▶ _PROBLEM REQUIREMENTS_:
With pictures left out, output exactly the lines from the line holding "This is the" through the end of the data, both included.

··· DATA SHOWN ···

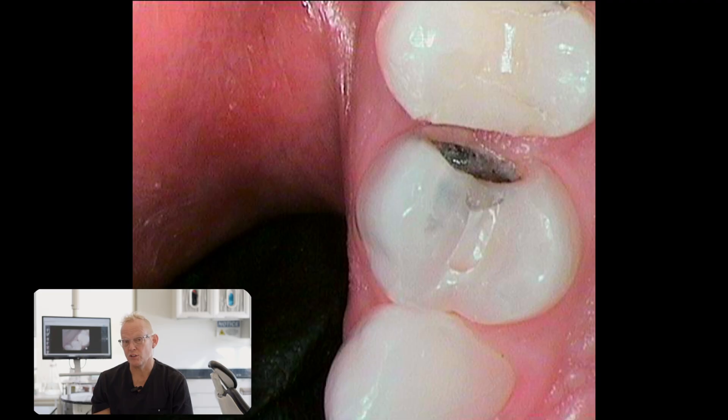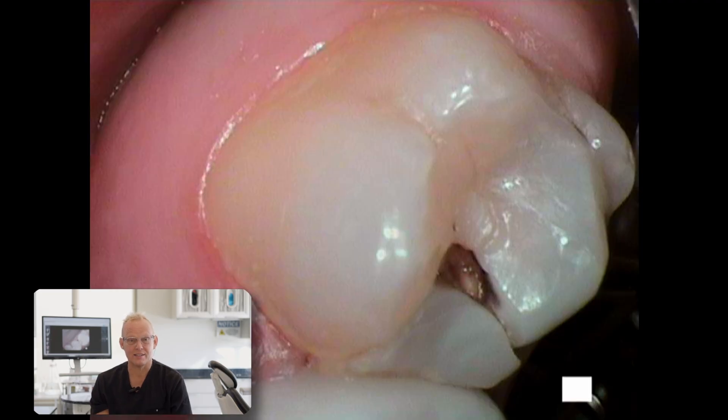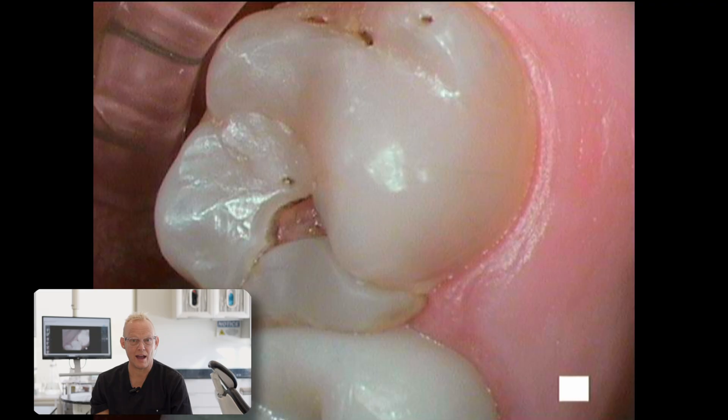This is Dr. Richard Anderson, your essential dentist. Today we're going to go over how I do a crown — a same-day crown — and can do it in under an hour. Today we're going to do three different crowns on the same patient within two hours. We're going to go over the entire procedure start to finish.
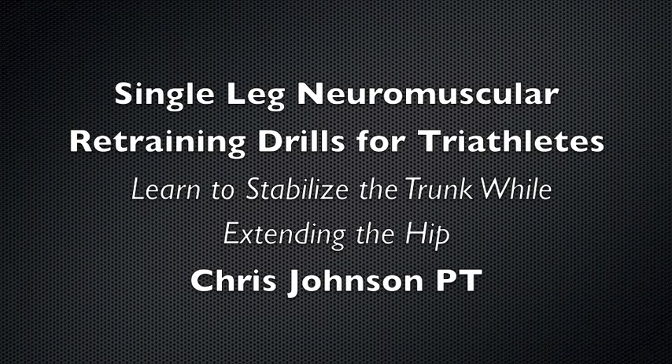This video demonstrates a few neuromuscular retraining drills designed to improve your propulsion while running by stabilizing the trunk to allow the hips to exert greater torque during push-off.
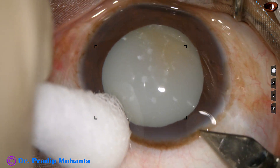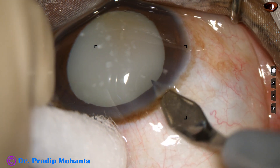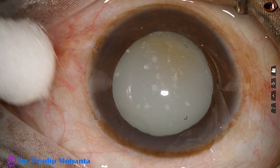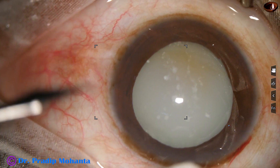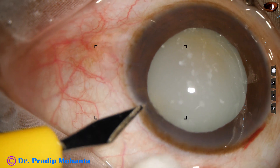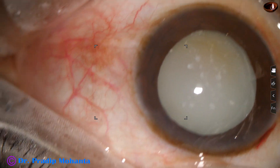This is the main incision at mid-limbus with a 2.8 millimeter steel keratome. And now a side port is made about 3 o'clock hours away from the main incision on the left side.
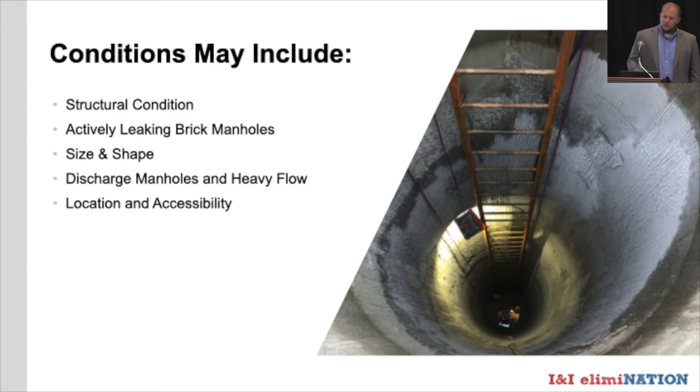Actively leaking brick manholes: there's a general consensus that you need to stop all leaks before applying liner. I'd agree to a certain extent. However, in a brick manhole with a leak at the base, if you seal that leak you'll basically just chase it brick by brick up to the water table. What we like to do instead is prep and line the structure down to the leak, leaving the leak alone. Once the liner is cured and everything else is sealed, then you seal that leak — it has nowhere else to go. It's a simple trick to avoid chasing leaks in a brick manhole.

···

▶ _RESPONSE TO THIS TASK_:
This is the main incision at mid-limbus with a 2.8 millimeter steel keratome. And now a side port is made about 3 o'clock hours away from the main incision on the left side.
Actively leaking brick manholes: there's a general consensus that you need to stop all leaks before applying liner. I'd agree to a certain extent. However, in a brick manhole with a leak at the base, if you seal that leak you'll basically just chase it brick by brick up to the water table. What we like to do instead is prep and line the structure down to the leak, leaving the leak alone. Once the liner is cured and everything else is sealed, then you seal that leak — it has nowhere else to go. It's a simple trick to avoid chasing leaks in a brick manhole.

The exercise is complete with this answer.